The first card edge connector 10 is located on the upper side of the printed circuit board 200 where the first mounting face 130 is defined, and the second card edge connector 20 is located on the lower side of the printed circuit board 200 with the pin shaped solder portion 2312, 2322 passing through the printed circuit board 200 and soldered on the second mounting face 230 which is in front of the first mounting face 130. The retaining portions 222 attach to the lower side of the printed circuit board 200 so as to secure the second card edge connector 20 on the printed circuit board 200. The extending portion 215 engages with the lower side of the printed circuit board 200 and the upper wall 221 of the second card edge connector 20 is located a little higher than the upper side of the printed circuit board 200, hence the thickness of the printed circuit board 200 can be absorbed by the lower card edge connector 20 and the height of the card edge connector assembly can be reduced. It is also noted that because the instant invention requires two modules are inserted into the corresponding two connectors in opposite directions, those two connectors are optimally configured to be one standard type and one reverse type as disclosed in U.S. Pat. No. 5,882,211 for simplifying the circuit trace arrangement on the corresponding mother board.

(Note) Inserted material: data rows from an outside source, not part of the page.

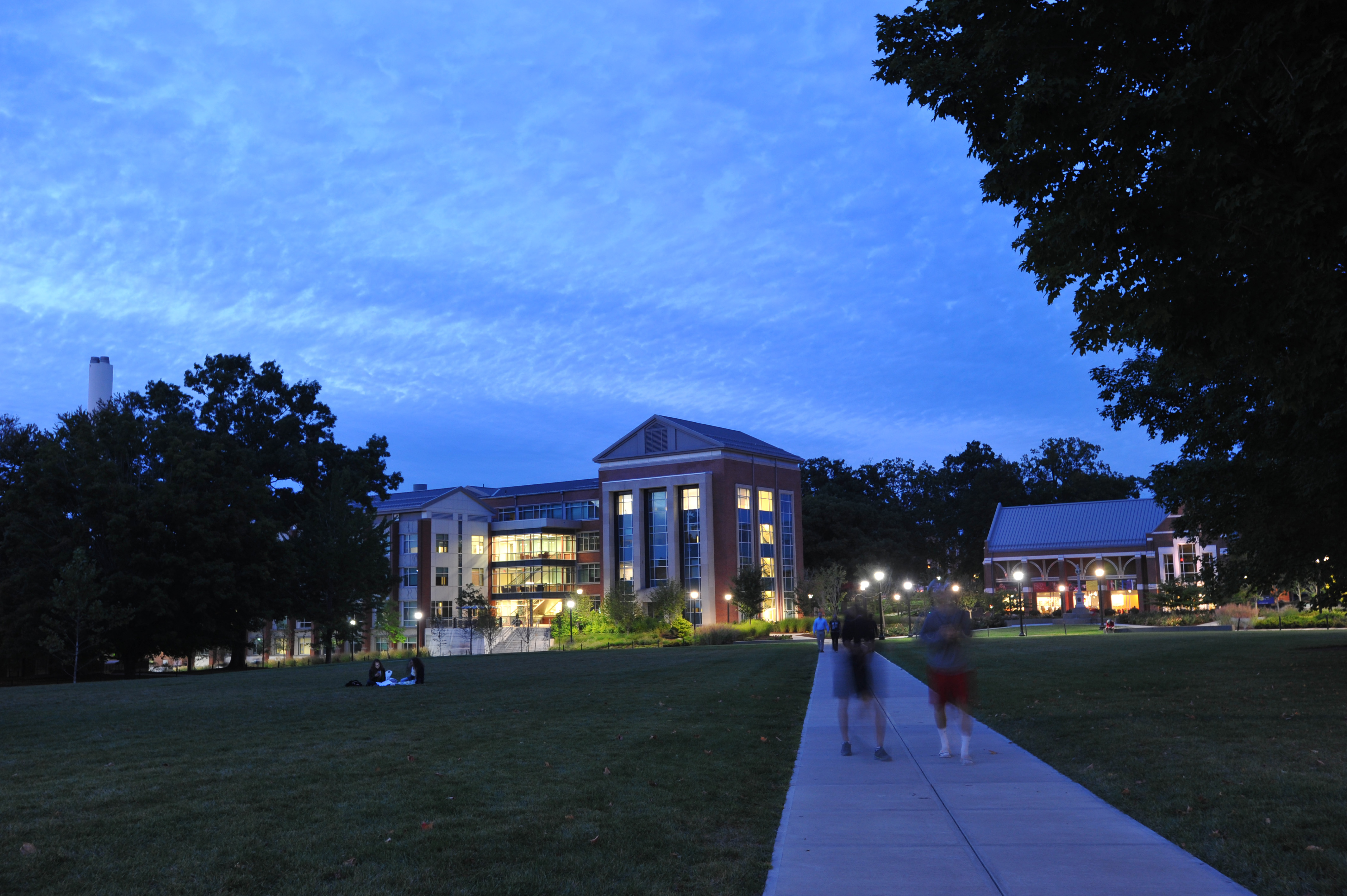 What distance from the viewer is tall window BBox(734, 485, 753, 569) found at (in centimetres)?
8588

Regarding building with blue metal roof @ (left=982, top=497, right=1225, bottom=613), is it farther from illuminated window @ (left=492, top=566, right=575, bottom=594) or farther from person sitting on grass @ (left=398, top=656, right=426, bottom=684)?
person sitting on grass @ (left=398, top=656, right=426, bottom=684)

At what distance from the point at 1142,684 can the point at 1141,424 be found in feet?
19.3

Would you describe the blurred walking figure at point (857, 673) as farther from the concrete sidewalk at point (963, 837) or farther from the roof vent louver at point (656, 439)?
the roof vent louver at point (656, 439)

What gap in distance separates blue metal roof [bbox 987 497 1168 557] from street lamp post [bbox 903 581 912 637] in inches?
562

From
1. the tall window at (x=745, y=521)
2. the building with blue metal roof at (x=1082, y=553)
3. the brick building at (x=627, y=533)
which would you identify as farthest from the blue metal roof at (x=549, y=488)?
the building with blue metal roof at (x=1082, y=553)

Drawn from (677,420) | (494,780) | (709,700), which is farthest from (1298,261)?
(677,420)

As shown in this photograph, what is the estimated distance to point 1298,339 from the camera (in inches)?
397

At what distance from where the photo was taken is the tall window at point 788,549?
89062mm

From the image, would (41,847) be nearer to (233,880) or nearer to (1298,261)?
(233,880)

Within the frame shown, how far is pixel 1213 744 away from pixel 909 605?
5216cm

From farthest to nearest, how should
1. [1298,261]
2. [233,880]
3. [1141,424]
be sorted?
[1141,424], [1298,261], [233,880]

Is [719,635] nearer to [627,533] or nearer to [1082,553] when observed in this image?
[627,533]

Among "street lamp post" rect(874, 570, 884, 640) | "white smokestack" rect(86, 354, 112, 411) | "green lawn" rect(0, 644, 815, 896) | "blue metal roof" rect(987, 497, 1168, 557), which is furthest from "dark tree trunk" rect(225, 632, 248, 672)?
"blue metal roof" rect(987, 497, 1168, 557)

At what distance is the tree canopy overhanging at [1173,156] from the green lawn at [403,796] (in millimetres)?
6077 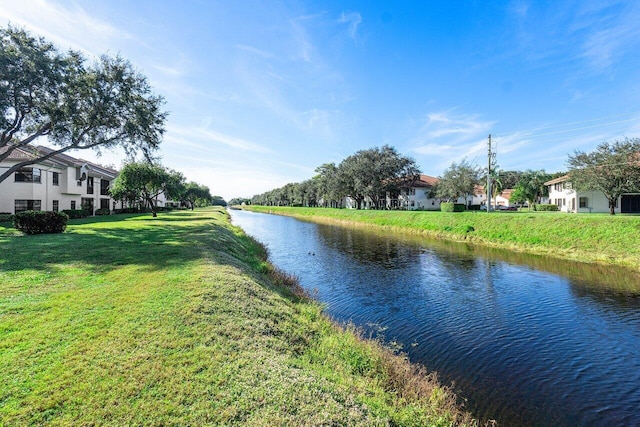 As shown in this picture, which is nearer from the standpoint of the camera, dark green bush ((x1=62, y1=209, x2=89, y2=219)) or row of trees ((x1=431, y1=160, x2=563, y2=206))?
dark green bush ((x1=62, y1=209, x2=89, y2=219))

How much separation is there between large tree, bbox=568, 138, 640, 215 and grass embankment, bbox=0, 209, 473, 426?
36.3 meters

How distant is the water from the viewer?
20.3 feet

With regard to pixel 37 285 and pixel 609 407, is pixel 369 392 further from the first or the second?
pixel 37 285

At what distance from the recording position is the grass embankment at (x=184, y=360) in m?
3.94

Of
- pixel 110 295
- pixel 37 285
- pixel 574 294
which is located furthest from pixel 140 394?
pixel 574 294

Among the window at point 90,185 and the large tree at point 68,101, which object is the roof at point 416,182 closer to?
the large tree at point 68,101

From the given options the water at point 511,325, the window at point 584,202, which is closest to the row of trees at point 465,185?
the window at point 584,202

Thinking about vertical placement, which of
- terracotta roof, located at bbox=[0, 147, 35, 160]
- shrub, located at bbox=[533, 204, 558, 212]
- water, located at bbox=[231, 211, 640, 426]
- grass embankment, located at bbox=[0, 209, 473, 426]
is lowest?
water, located at bbox=[231, 211, 640, 426]

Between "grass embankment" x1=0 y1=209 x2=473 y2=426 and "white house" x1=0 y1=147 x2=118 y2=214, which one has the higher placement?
"white house" x1=0 y1=147 x2=118 y2=214

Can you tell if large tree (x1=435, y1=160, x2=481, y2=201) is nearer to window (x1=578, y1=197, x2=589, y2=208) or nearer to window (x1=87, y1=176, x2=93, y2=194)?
window (x1=578, y1=197, x2=589, y2=208)

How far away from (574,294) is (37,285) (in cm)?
1953

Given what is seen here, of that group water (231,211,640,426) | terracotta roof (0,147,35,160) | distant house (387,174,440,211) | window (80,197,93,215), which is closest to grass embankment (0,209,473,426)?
water (231,211,640,426)

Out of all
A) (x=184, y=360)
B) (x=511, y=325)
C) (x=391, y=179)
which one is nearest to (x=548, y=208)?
(x=391, y=179)

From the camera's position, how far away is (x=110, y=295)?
24.4ft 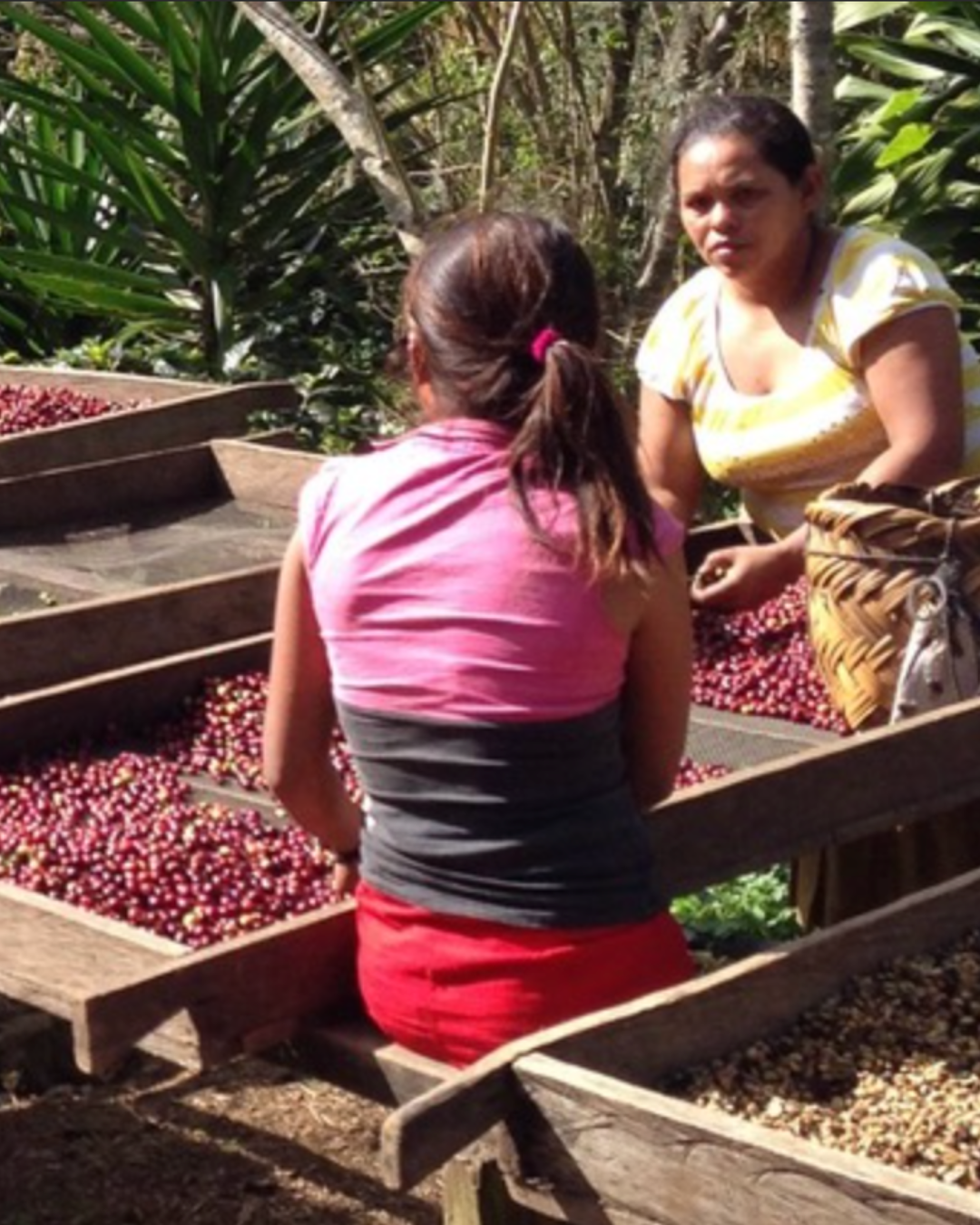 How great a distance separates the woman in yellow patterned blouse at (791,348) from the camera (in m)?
4.27

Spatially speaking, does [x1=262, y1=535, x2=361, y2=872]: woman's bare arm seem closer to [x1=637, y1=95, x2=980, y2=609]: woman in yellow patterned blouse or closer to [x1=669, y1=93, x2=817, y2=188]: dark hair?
[x1=637, y1=95, x2=980, y2=609]: woman in yellow patterned blouse

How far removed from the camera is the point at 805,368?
4.41m

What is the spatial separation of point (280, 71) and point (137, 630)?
4.92m

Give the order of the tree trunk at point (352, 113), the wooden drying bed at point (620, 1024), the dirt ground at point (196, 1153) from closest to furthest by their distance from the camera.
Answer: the wooden drying bed at point (620, 1024)
the dirt ground at point (196, 1153)
the tree trunk at point (352, 113)

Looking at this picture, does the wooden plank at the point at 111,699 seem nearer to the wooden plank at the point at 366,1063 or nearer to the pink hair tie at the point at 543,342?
the wooden plank at the point at 366,1063

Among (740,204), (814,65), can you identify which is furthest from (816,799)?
(814,65)

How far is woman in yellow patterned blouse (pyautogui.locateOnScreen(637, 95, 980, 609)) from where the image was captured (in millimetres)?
4273

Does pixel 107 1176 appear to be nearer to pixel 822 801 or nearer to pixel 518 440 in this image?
pixel 822 801

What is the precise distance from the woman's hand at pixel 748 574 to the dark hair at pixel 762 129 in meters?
0.59

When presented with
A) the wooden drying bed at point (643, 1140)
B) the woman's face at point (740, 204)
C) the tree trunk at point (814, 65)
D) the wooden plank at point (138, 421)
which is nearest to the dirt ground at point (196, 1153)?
the wooden plank at point (138, 421)

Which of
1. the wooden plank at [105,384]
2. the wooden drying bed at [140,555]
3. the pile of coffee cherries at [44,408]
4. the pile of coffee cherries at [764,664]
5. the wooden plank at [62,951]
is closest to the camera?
the wooden plank at [62,951]

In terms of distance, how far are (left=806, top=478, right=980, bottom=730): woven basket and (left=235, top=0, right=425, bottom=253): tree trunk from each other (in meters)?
4.17

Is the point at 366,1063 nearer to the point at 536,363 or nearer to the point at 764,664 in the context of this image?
the point at 536,363

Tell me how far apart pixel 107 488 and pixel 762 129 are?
2315 millimetres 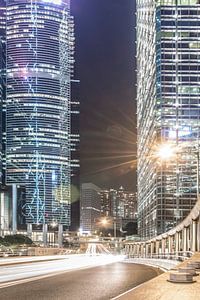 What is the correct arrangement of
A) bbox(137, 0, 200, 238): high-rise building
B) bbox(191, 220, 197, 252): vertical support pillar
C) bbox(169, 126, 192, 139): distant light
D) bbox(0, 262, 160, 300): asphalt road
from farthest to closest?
bbox(137, 0, 200, 238): high-rise building < bbox(169, 126, 192, 139): distant light < bbox(191, 220, 197, 252): vertical support pillar < bbox(0, 262, 160, 300): asphalt road

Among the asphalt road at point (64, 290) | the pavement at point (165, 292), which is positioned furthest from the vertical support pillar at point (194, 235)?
the pavement at point (165, 292)

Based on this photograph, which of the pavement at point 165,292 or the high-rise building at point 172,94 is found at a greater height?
the high-rise building at point 172,94

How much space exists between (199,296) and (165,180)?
118m

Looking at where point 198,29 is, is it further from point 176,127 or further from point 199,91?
point 176,127

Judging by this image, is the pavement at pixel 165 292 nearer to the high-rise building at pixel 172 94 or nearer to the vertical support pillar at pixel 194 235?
the vertical support pillar at pixel 194 235

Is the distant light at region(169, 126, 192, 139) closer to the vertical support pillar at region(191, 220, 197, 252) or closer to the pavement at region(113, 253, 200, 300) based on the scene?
the vertical support pillar at region(191, 220, 197, 252)

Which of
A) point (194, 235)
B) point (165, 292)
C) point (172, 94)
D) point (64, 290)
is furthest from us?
point (172, 94)

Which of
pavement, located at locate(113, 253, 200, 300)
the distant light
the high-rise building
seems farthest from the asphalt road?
the distant light

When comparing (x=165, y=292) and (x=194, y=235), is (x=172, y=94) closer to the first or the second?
(x=194, y=235)

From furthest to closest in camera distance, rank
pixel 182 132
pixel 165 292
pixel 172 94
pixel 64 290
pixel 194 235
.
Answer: pixel 172 94 → pixel 182 132 → pixel 194 235 → pixel 64 290 → pixel 165 292

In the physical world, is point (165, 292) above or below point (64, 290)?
above

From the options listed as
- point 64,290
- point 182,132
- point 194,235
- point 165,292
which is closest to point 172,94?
point 182,132

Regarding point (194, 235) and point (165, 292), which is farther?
point (194, 235)

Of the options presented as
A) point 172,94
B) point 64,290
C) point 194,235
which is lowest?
point 64,290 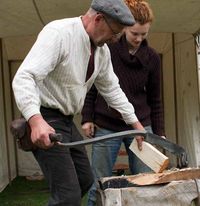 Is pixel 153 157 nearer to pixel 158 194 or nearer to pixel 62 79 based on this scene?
pixel 158 194

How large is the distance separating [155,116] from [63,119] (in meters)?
1.17

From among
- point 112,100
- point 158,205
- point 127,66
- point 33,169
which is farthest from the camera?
point 33,169

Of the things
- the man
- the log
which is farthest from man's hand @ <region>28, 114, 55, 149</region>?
the log

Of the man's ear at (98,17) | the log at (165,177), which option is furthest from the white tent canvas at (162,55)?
the log at (165,177)

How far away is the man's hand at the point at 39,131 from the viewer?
1984 mm

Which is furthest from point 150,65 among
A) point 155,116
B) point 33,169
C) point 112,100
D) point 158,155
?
point 33,169

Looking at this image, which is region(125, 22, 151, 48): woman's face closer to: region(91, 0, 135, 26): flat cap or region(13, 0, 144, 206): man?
region(13, 0, 144, 206): man

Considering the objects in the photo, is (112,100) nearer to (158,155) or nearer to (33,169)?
(158,155)

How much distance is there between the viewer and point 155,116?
11.1ft

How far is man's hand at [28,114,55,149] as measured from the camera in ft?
6.51

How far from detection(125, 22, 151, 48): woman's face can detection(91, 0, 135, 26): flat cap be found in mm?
691

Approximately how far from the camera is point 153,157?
8.11 feet

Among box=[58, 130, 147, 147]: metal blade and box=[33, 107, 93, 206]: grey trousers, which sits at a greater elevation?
box=[58, 130, 147, 147]: metal blade

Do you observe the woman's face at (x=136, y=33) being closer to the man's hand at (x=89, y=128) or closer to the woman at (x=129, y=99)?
the woman at (x=129, y=99)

It is to be understood, however, that even though numerous characteristics and advantages of the present invention have been set forth in the foregoing description, together with details of the structure and function of the invention, the disclosure is illustrative only, and changes may be made in detail, especially in matters of shape, size, and arrangement of parts within the principles of the invention to the full extent indicated by the broad general meaning of the terms in which the appended claims are expressed.